It makes sense, then, that her moment of convalescence came at the 2018 French Open. It was almost cinematic; down a set and a break to ascendant American Sloane Stephens in the final—and appearing overmatched—Halep turned her narrative on its head. She broke back and took the match, 3-6, 6-4, 6-1.  “When I was down a break in the second set,” Halep recounted in her post-match address to the Stade de France, “I thought, ‘Everything is gone. I’m going to start to relax and enjoy the match.’”

The victory cemented her statistical and philosophical claim to the no. 1 ranking she has held since late February. It was Halep’s third title of the season—tied for third most on tour—and she has accrued more points (5,285) and prize money ($5,345,777) than anyone in her circuit so far this year. By nearly every metric, 2018 has been the year of Simona Halep.

Now she’ll be tasked with taking her mid-career renaissance to grass at Wimbledon. Entering Halep’s first-round match Tuesday, OddsShark lists her as having the fourth-best odds to win the tournament, trailing stalwarts Petra Kvitova, Serena Williams, and Garbine Muguruza.
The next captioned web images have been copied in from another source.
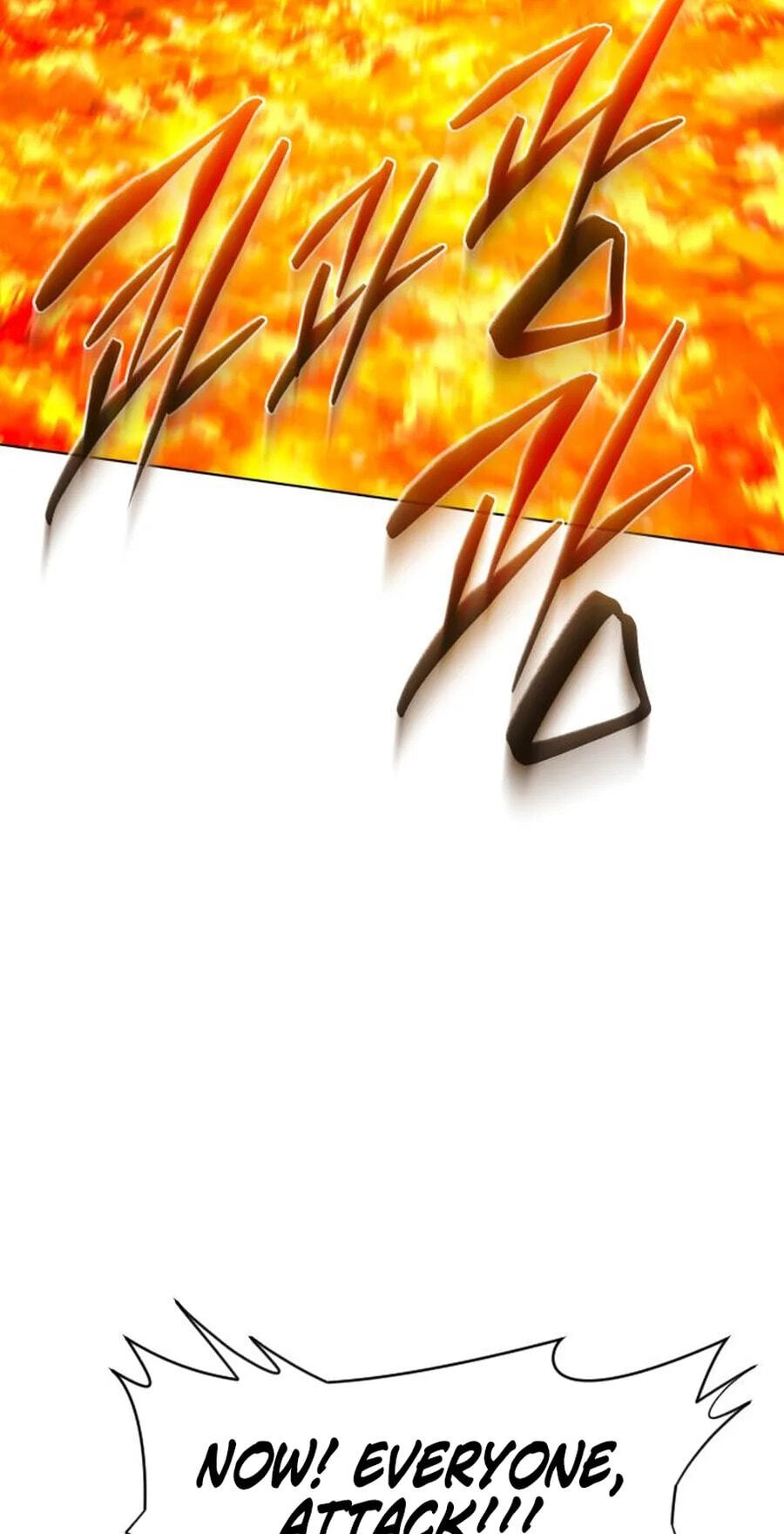 The Reason Why I Quit Being the Demon King Chapter 76 page 116 - 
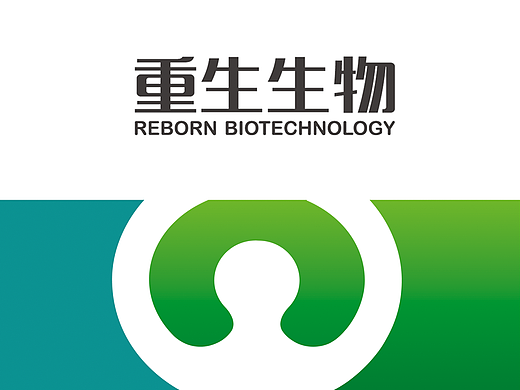 VI品牌设计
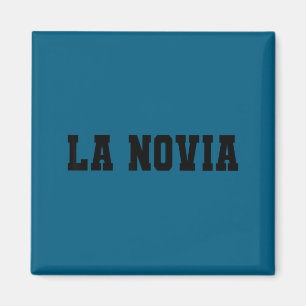 Imã A noiva bride combinando noivo groom despedida de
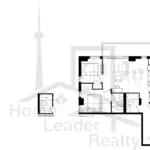 BLVD.-Q-Condos-Q2BI-floorplan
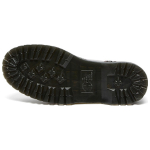 Dr.Martens 8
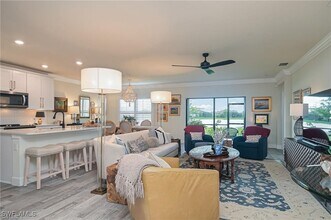 6319 Achievement Ave in Ave Maria, FL - Building Photo - Building Photo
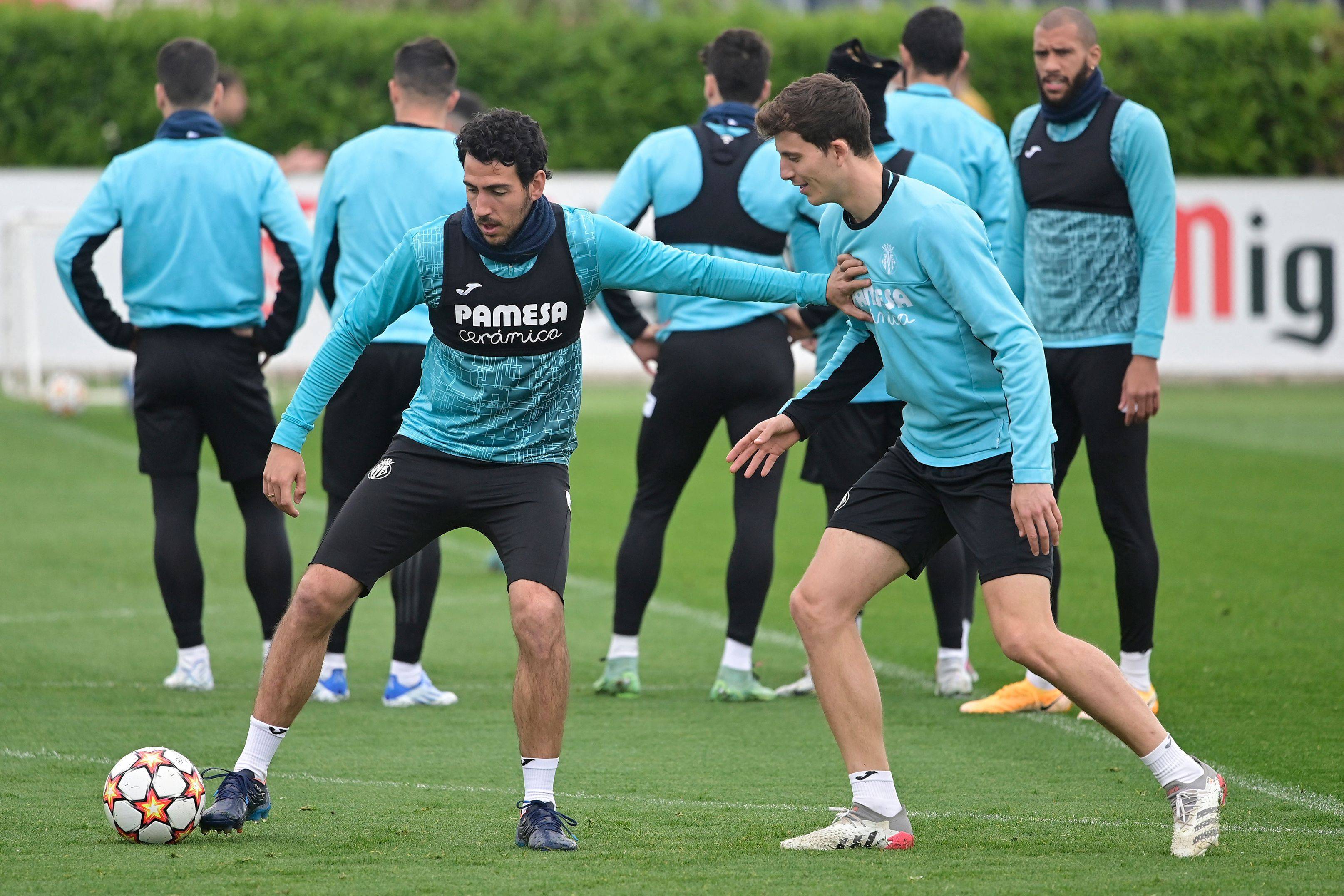 开云体育平台登录-关于关键时刻上海久事调整名单以备NBA常规赛赛后莱比锡门线救险，网友：比利亚雷亚尔围绕法国杯伤情更新的信息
History tells us it will be difficult for Halep to repeat her Roland Garros title run. The field is as wide-open as it’s ever been: The only woman not named Williams to win back-to-back singles slams this century was a post-comeback Kim Clijsters more than seven years ago. And Halep has advanced to the quarterfinals in her last two Wimbledon appearances but has never reached the semis.

Halep’s former tormentors will be waiting. Her side of the draw, should she escape it, could feature matchups with Konta, Ostapenko, Maria Sharapova (who bested Halep in three sets in the 2014 French Open final), or the favorite, Kvitova. “The pressure is off—the dream came true,” Halep said, beaming, in a press conference over the weekend. The question now is whether that will unlock a looser, more relaxed Halep or inspire complacency in a player who has made a living as an underdog.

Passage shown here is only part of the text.